Dataset records.
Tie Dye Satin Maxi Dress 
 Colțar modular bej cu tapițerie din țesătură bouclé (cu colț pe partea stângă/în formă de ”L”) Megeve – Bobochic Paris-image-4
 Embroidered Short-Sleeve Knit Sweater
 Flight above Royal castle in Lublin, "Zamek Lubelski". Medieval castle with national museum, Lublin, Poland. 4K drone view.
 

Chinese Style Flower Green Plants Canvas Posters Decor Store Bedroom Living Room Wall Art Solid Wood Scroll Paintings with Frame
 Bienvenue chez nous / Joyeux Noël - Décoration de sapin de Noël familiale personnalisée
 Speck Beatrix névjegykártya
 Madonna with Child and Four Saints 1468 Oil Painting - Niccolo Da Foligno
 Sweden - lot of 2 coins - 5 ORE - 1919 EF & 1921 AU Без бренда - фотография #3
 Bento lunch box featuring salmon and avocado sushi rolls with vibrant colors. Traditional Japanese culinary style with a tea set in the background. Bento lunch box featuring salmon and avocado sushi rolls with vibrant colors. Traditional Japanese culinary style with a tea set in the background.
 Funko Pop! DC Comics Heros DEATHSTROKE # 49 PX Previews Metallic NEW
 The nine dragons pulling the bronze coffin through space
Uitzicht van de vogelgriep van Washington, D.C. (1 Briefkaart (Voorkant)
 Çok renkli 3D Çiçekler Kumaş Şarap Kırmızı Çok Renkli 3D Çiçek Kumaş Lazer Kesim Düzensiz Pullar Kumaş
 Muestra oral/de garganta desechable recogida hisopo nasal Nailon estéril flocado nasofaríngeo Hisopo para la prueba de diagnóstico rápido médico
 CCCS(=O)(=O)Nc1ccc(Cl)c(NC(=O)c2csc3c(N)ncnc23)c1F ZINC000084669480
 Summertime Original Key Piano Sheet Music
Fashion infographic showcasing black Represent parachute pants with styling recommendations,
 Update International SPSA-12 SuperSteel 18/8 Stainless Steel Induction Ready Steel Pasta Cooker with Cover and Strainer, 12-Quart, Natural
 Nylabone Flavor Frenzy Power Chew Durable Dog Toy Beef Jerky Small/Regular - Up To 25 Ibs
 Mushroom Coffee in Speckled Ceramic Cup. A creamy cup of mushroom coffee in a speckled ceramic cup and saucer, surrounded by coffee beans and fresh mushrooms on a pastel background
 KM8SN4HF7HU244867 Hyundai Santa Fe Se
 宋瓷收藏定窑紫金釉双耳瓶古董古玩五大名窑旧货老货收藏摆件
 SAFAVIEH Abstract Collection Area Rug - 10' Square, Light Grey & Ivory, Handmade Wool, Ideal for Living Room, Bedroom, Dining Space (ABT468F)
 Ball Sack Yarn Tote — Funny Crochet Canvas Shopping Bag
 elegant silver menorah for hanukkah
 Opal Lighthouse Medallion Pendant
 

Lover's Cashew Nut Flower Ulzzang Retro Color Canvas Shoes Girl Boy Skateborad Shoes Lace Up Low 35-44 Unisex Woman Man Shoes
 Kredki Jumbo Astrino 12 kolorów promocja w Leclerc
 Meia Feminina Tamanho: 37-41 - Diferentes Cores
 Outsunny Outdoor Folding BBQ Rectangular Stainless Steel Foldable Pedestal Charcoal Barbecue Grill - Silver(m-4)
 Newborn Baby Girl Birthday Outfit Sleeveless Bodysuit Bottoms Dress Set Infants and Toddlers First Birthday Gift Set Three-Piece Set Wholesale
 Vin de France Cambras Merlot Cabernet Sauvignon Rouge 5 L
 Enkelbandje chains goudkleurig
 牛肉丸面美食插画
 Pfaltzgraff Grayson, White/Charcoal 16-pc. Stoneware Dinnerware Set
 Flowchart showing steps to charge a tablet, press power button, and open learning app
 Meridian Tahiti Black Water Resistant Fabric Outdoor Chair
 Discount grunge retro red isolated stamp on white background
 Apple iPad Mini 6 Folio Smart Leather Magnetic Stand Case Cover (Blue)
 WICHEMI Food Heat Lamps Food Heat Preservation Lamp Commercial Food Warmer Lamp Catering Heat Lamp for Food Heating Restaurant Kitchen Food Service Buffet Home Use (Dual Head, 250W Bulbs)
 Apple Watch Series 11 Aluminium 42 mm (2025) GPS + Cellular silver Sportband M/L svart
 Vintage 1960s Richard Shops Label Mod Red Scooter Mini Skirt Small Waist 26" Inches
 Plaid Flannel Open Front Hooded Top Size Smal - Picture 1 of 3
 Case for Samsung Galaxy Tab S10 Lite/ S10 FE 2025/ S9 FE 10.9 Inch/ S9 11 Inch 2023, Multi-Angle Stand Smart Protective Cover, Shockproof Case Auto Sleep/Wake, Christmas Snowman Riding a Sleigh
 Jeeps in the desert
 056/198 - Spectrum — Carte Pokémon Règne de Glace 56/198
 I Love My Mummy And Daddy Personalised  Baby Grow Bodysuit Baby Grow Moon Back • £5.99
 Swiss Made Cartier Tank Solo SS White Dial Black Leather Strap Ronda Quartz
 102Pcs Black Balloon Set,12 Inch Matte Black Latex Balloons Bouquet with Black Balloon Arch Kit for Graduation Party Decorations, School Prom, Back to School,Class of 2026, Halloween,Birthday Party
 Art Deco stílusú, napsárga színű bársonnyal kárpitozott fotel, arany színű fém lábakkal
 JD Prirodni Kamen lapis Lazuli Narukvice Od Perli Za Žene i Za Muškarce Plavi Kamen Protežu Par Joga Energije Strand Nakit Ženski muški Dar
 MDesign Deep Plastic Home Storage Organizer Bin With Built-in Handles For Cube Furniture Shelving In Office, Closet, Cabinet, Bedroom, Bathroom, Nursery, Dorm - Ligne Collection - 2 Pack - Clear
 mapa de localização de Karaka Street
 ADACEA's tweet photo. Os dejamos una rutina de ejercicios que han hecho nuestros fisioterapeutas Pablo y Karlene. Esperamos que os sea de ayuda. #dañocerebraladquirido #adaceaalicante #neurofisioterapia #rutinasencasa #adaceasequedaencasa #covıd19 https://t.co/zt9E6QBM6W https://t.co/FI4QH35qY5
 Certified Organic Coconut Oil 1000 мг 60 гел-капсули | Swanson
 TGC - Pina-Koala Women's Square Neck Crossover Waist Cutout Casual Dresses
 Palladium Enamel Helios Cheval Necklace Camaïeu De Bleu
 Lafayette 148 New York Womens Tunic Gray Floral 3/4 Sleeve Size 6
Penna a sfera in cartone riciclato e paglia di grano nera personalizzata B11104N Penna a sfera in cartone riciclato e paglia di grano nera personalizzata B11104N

Task prompt. Your output should be an exact transcription of the line that holds "Certified Organic Coconut" and each line after it through the end of the listing above.

Your solution.
 Certified Organic Coconut Oil 1000 мг 60 гел-капсули | Swanson
 TGC - Pina-Koala Women's Square Neck Crossover Waist Cutout Casual Dresses
 Palladium Enamel Helios Cheval Necklace Camaïeu De Bleu
 Lafayette 148 New York Womens Tunic Gray Floral 3/4 Sleeve Size 6
Penna a sfera in cartone riciclato e paglia di grano nera personalizzata B11104N Penna a sfera in cartone riciclato e paglia di grano nera personalizzata B11104N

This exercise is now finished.